Start of The data

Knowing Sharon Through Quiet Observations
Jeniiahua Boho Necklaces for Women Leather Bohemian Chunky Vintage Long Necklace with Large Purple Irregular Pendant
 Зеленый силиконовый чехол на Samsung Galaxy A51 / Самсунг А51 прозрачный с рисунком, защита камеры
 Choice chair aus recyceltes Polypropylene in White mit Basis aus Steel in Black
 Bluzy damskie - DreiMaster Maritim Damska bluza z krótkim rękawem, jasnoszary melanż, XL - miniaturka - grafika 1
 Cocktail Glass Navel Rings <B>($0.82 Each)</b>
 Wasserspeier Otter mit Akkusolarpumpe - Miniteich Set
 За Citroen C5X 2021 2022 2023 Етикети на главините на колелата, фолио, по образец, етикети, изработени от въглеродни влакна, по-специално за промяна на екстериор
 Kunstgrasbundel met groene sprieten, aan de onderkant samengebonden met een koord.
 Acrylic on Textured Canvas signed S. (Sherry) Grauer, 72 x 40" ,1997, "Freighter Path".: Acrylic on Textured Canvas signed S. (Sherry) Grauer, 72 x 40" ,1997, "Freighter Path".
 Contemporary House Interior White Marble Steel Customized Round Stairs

End of The data

**Activity:**
Scan the preceding records for lines with the word "White". Say how many there are and nothing else.

**Finished exercise:**
2